I didn’t know it then, but I was trying to swim away from my life. After I swam I would eat a 3 Musketeers and ride the bus until it brought me back to my starting point, then I would get off the bus and walk home.

At this time I was in a relationship with someone I fondly refer to as “the meanest guy in the world”. We worked together at a job I didn’t like and every day after work he would call and ask me to come over. I hadn’t yet learned how to say no. So in order to avoid him I would swim and ride the bus. On the occasion when he did catch me at home, I would go to his house and stay for hours, then walk home across town much too late in the evening for my early morning shift. (I also had a hard time saying, “I have to go.”)

Now that many years have passed, I understand that the relationship was hard to let go because he would be just nice enough to keep me coming back. When he thought he had me he would be the meanest guy in the world, and when he thought he was losing me he would be the nicest guy in the world. I also wanted to be with someone mean.

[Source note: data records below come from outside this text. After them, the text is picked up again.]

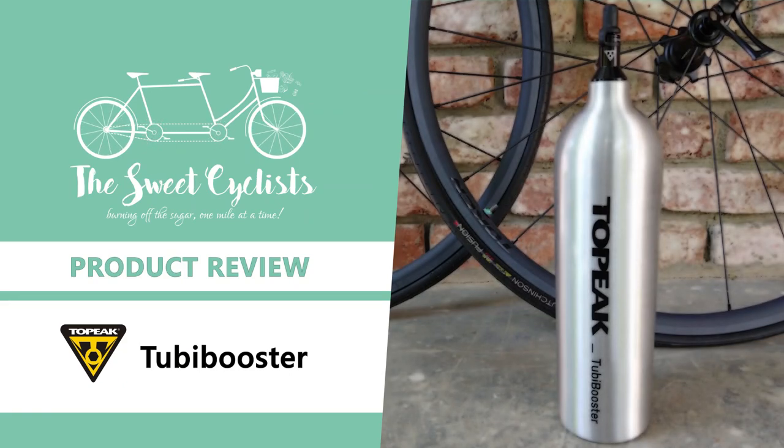Thanks for tuning in, this is The Sweet Cyclist. Today we're going to be looking at the Topeak Tubi Booster tubeless tire inflation system.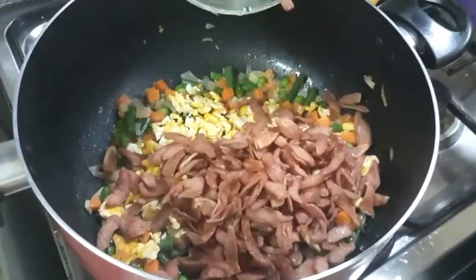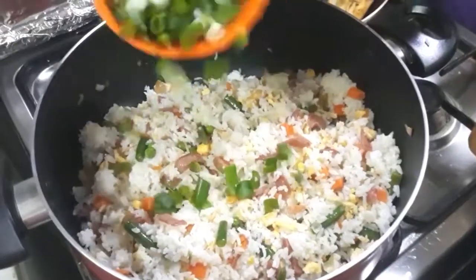Hi guys, today I'm gonna cook vegetable fried rice.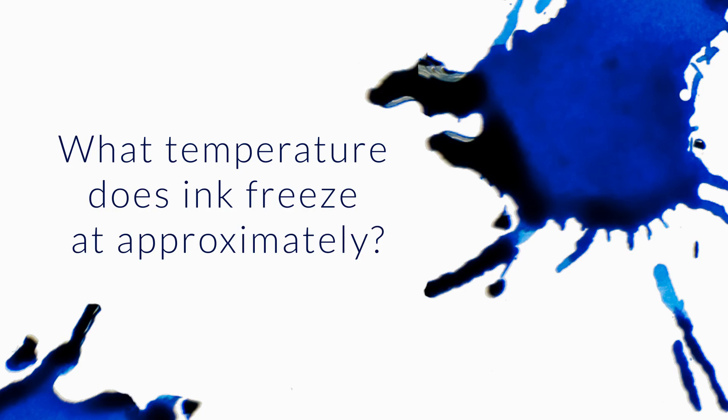What temperature does ink freeze at approximately? It might vary a little bit from one ink to another, but approximately it's going to be at the freezing point, around 32 degrees Fahrenheit, zero degrees Celsius. It might be a little bit lower than that. I haven't done scientific testing to see exactly what temperature ink freezes at, but ink is mostly water, so it's pretty much going to freeze like water does.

Being with someone mean gave me permission to be mean. We would have shouting matches where I would say all the mean things I had been saving up. All the tension I felt would be released. Shouting until my face throbbed had a cathartic effect on me, if only momentarily.

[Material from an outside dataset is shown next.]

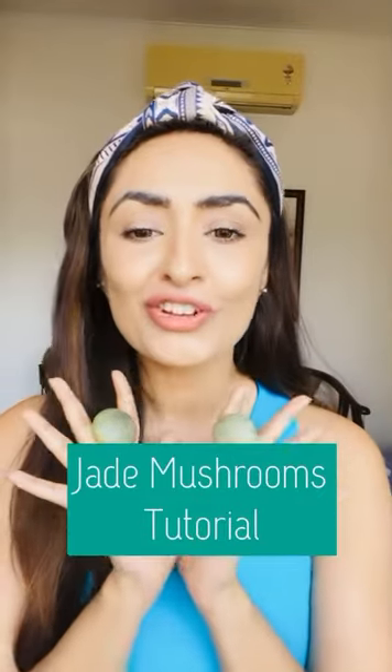Hi guys, today I'm going to give you a tutorial on how to use the jade mushrooms. Firstly, have a generous amount of face oil applied all over your face. We can use these chilled, heated, or at room temperature depending on what type of massage you want. We start with our chin and jowl region, lifting any droopy corners of our lips in a zigzag motion like this.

He was also kind. And when the meanest guy in the world is kind, you cling to it. I clung to it. And despite all the times I told him to leave me alone, and I never wanted to see him again, he always called a few days later, laughing and joking and pretending like nothing had happened. And when someone acts like they want you that much, it is hard to be mean.

So I swam and I rode the bus and I ate 3 Musketeers (a candy bar which I never liked much and still don’t, but that kind of sums up my life at that time); and eventually, after so many afternoons of me not being home when he called, the meanest guy in the world called me in the evenings. Then he resorted to stopping by for a friendly visit. His visits always left me feeling glad I didn’t see him more often. Eventually I moved and didn’t tell him. I haven’t seen him since. But he did come to me in a dream once.

In the dream he talked a lot about nothing. He told me he was gay now. And he complained about the abusive relationship he was in, and how they kept breaking up and getting back together, and how this time it was final, and how his boyfriend was such a jerk. And I knew he was the same as he ever was. I hadn’t missed a thing since we lost touch.

Years later, I suppose I can say all that swimming and bus riding really did take me away from the life I didn’t want. I swam away from the need for drama, or the idea that drama was interesting. I swam away from the belief that pain made me deep and romantic. I swam toward a life that is peaceful and beautiful, where I am free to be kind. A life I wouldn’t have been prepared for in the past.

P.S. I am now married to a very kind man. I told him if we had met years ago I would have been mean to him then because I felt the need for one party in every relationship to be cruel. If I had been with him in those days, I would have been the cruel one. He responded by saying, “I would have let you too.”